** Task instructions **
Every line of the records below from the line with "Belgium - CHIMAY" up to and including the line with "Blooming yellow mustard" must be reproduced exactly, and no line outside that range.

** Raw data **

--------------------------------------------------

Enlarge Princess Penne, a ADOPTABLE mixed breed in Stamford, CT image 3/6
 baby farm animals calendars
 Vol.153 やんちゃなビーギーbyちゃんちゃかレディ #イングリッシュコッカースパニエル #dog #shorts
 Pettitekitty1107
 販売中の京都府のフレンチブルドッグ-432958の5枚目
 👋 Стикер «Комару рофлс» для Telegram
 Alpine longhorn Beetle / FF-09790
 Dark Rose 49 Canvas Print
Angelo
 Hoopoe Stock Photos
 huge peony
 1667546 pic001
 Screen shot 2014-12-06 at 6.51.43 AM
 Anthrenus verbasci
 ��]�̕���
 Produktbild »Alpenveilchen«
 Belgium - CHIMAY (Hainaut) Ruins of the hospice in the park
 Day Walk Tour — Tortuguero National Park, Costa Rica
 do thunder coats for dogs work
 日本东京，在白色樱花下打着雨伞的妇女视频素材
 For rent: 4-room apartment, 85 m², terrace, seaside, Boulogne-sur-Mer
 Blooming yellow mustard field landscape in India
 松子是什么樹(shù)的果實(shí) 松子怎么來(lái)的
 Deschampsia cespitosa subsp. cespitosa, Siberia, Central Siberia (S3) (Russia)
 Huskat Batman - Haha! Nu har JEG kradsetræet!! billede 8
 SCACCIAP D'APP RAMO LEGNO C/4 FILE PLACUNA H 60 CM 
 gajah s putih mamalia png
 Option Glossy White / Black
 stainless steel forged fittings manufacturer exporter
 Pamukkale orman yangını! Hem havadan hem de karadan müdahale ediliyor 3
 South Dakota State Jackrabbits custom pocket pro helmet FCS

--------------------------------------------------

** Solved exercise **
 Belgium - CHIMAY (Hainaut) Ruins of the hospice in the park
 Day Walk Tour — Tortuguero National Park, Costa Rica
 do thunder coats for dogs work
 日本东京，在白色樱花下打着雨伞的妇女视频素材
 For rent: 4-room apartment, 85 m², terrace, seaside, Boulogne-sur-Mer
 Blooming yellow mustard field landscape in India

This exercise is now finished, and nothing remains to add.